Note that when a wire rod with an oxide film of 3 to 10 μm was subjected to spheroidizing annealing treatment using the conventional method, a decarburized layer of 0.10 mm was formed.

〔Effect of the invention〕

As explained above, according to the present invention, during the process of reducing oxides of steel processed products, the atmospheric gas is circulated while introducing H ₂ gas or a mixed gas containing H ₂ to lower the dew point in the furnace to 20. After lowering the temperature to below ℃,
Since the temperature is raised to the annealing temperature, it is possible to perform heat treatment without causing a decarburization reaction using the minimum necessary reducing gas, and without using neutral gas or reducing gas.
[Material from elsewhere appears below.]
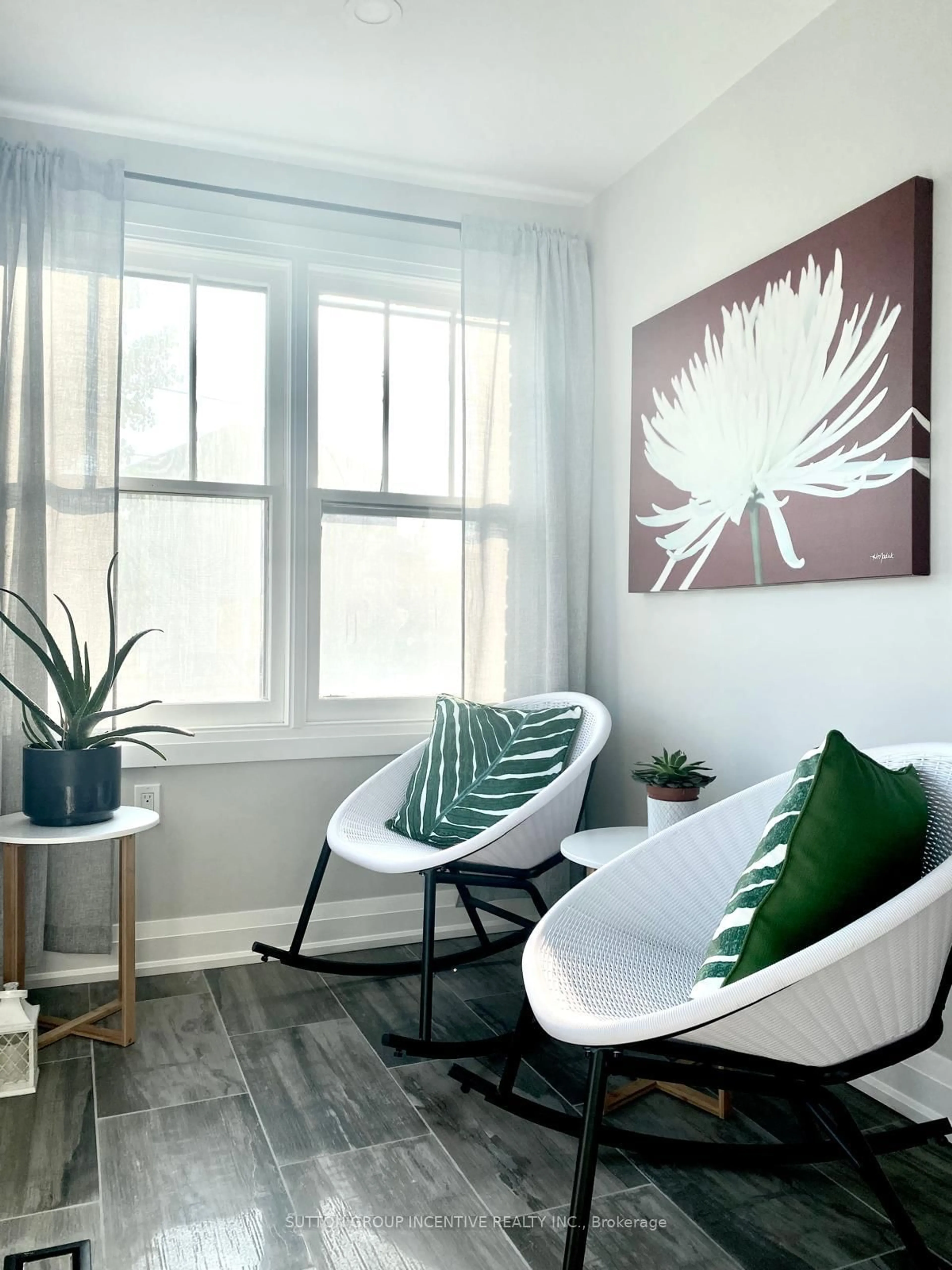 Living room with furniture, unknown for 5151 Kitchener St, Niagara Falls Ontario L2G 1B1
This enables a non-decarburization annealing process that is inexpensive, technically reliable, and easy, with a significant reduction in consumption.

[Brief explanation of the drawing]

FIG. 1 is a block diagram showing an apparatus used in the method of this invention, and FIG. 2 is a time chart showing an embodiment of this invention. In the figure, 10 is the furnace body, 12 is the H ₂ gas introduction pipe, 1
8 is a cooler.

Claims (1)

[Claims] 1 When annealing processed steel products,
Before raising the temperature in the furnace to the annealing treatment temperature, the atmospheric gas in the furnace is circulated while introducing H ₂ gas or a mixed gas containing H ₂ with the furnace temperature maintained at 400 to 600 °C. A method for non-decarburizing annealing of processed steel products, characterized by removing moisture and reducing oxides in the processed products by reducing the dew point of atmospheric gas in the furnace to 20°C or less.